Well for the most part I’m going to comment on our operations and we've been able to navigate pretty well down there have good relationships in Venezuela but we've been able to maintain and we have a structure in place that is enabling us to continue work, enabling us to continue to invest and enabling importantly to enable the contractors, the tax authorities and ourselves to get paid. And so that seems to be working very well. What I point out is despite the - obviously the concerns about what's happening in the country right now and some difficulties there encountering, they have a huge resource base and Chevron is well respected there and I think there's an opportunity for us to play a very constructive role in Venezuela going forward certainly maintaining the existing assets that we have and potentially as time goes forward participating in other opportunities there but it's unquestionably difficult time thus far we've been able to manage it working well with the government.

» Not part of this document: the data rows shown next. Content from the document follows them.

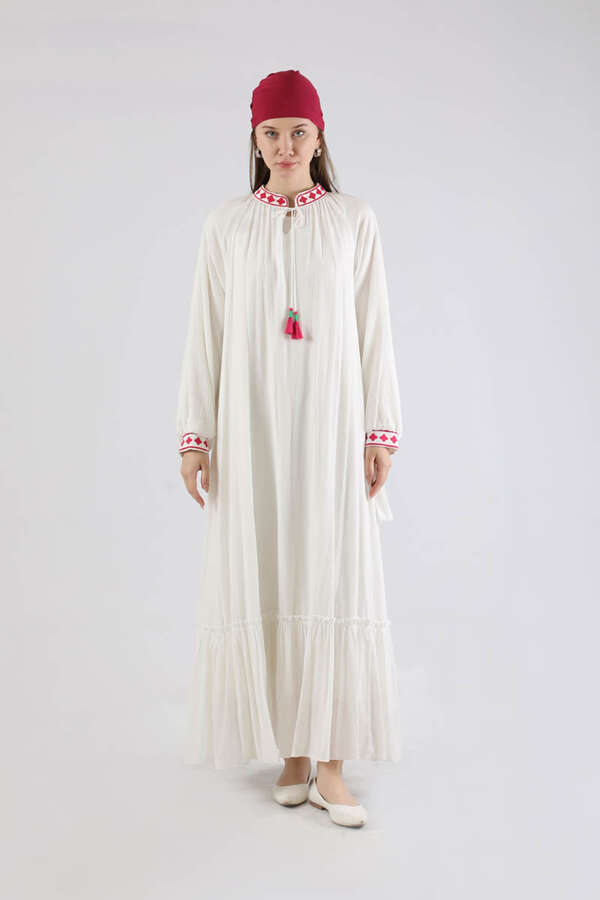 Gonca Nakışlı Elbise Fuşya - 3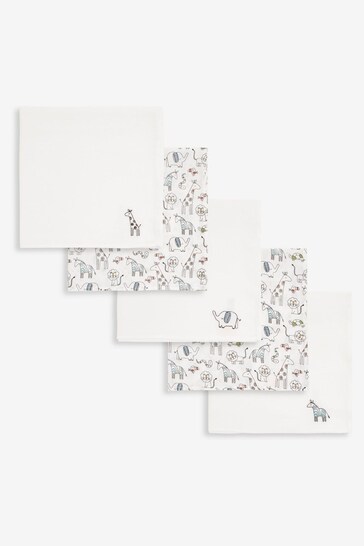 JoJo Maman Bébé White 5-Pack Delicate Safari Embroidered Muslins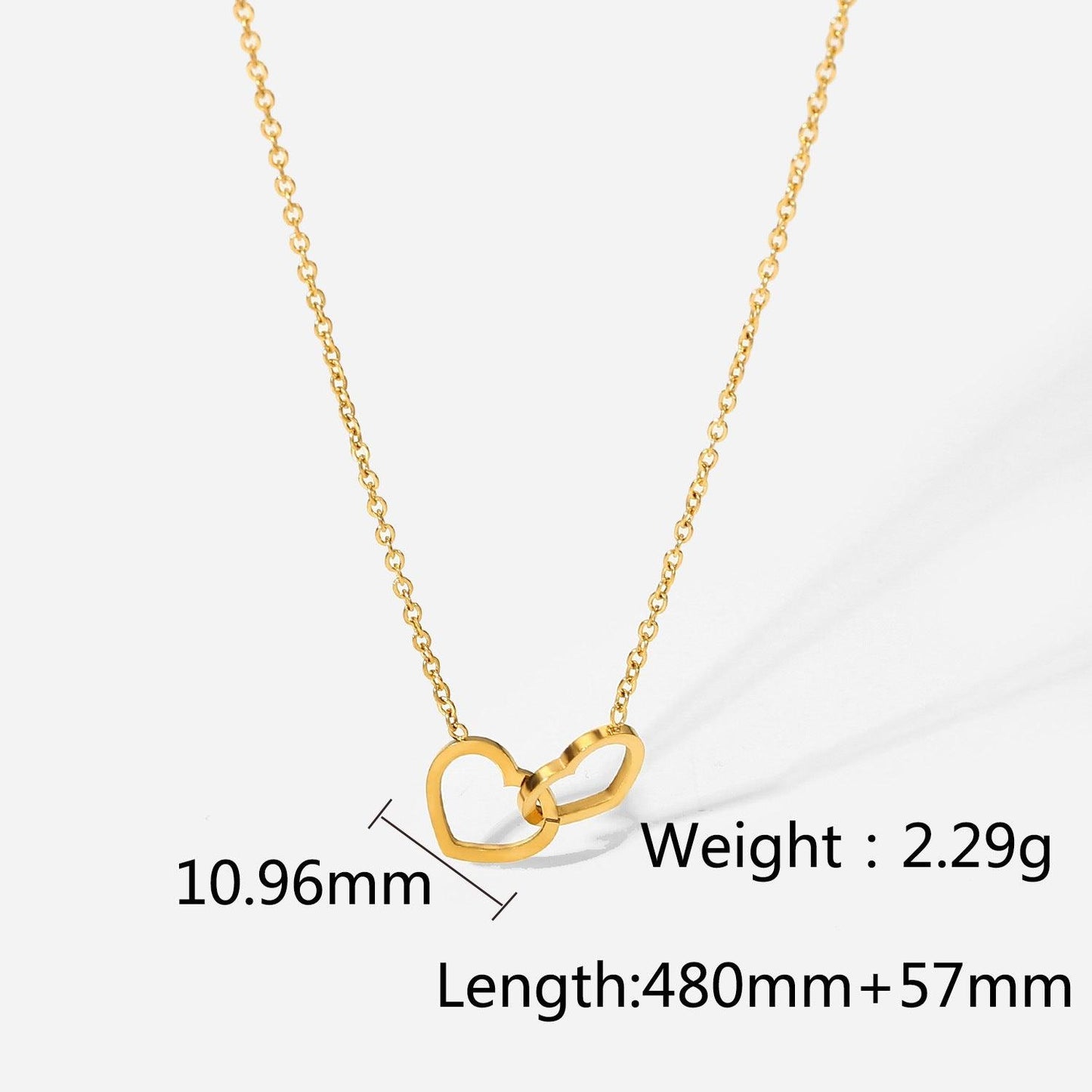 N37.Hot Sale 18K Gold Double Heart Necklace - Elle Royal Jewelry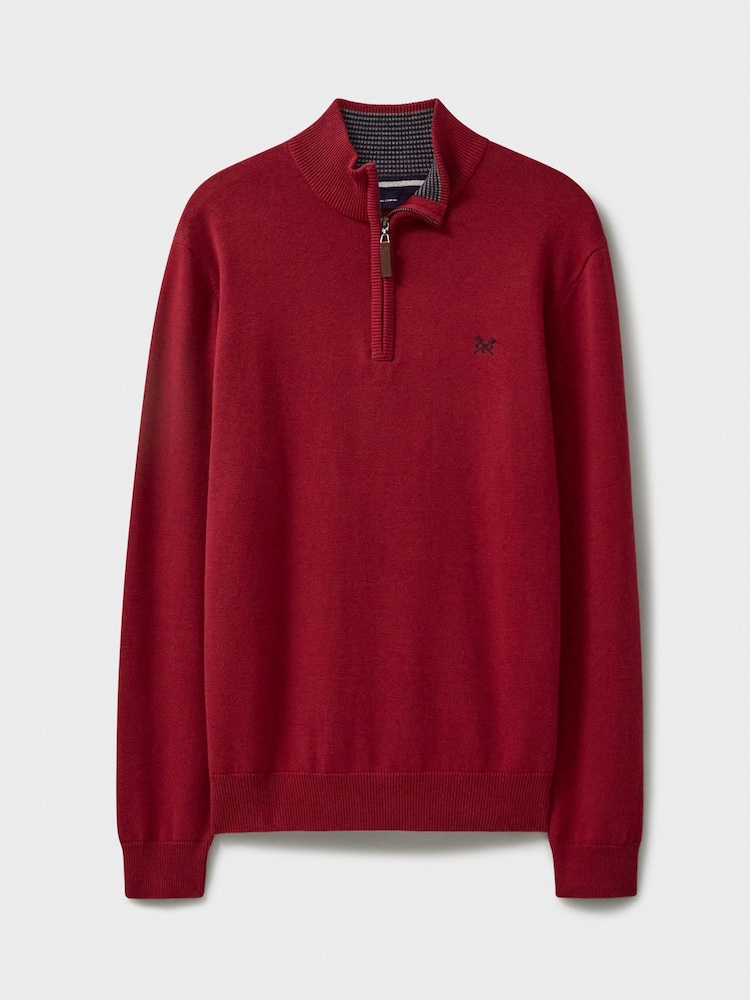 Crew Clothing Red Marun Quarter Zip Knitted 100% Cotton Jumper - Image 5 of 5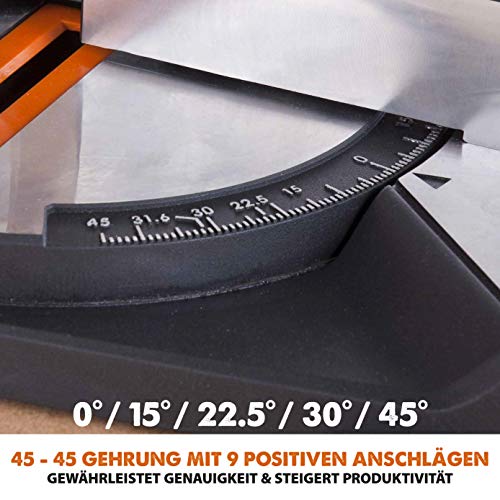 Evolution Gehrungssäge R210CMS | 1200 W Gehrungssäge | Inkl. Ø 210 mm HM-Sägeblatt Multi-Material-Schneiden Holz, Aluminium, Stahl, Kunststoff | 0°- 45° Fase und 45°- 45° Gehrungswinkel | Kappsäge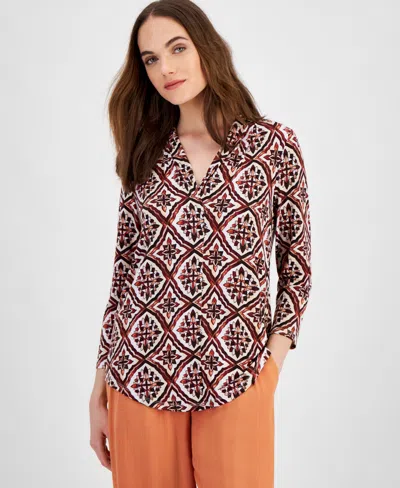 Jm Collection Women's V-neck Printed 3/4-sleeve Top, Created For Macy's In Firewood Combo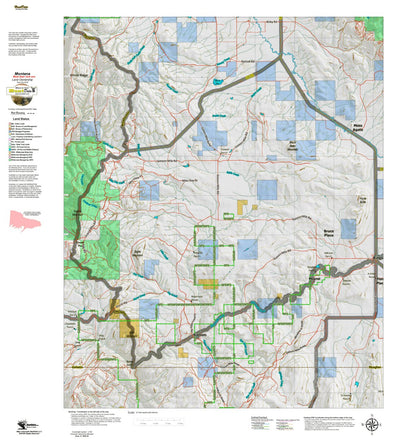 Montana HuntData LLC Montana Mule Deer Hunting District 451 Land Ownerhip Map digital map
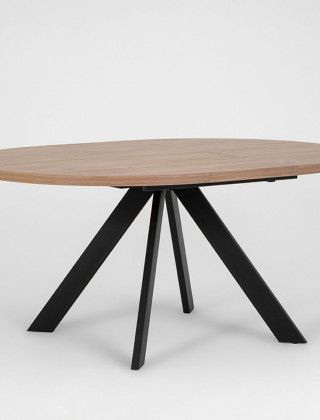 Стол обеденный ДЖАЗ 1200(1600)*1200 Дуб Канзас/Черная шагрень купить в Минске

Thank you. Our next question comes from the line of Ed Westlake from Credit Suisse. Your question please.
Good morning, everyone. Thank you for the margin improvement chart into 2017, that was very helpful. Obviously as you shift to short cycle and Permian you probably also get, plus with deflation, some benefits on the capital intensity side as well, which should lead, as you pointed out, to returns and free cash flow. You spoke about debt balances, but what about growth say over the next decade versus dividends, buybacks? I mean any philosophical changes there?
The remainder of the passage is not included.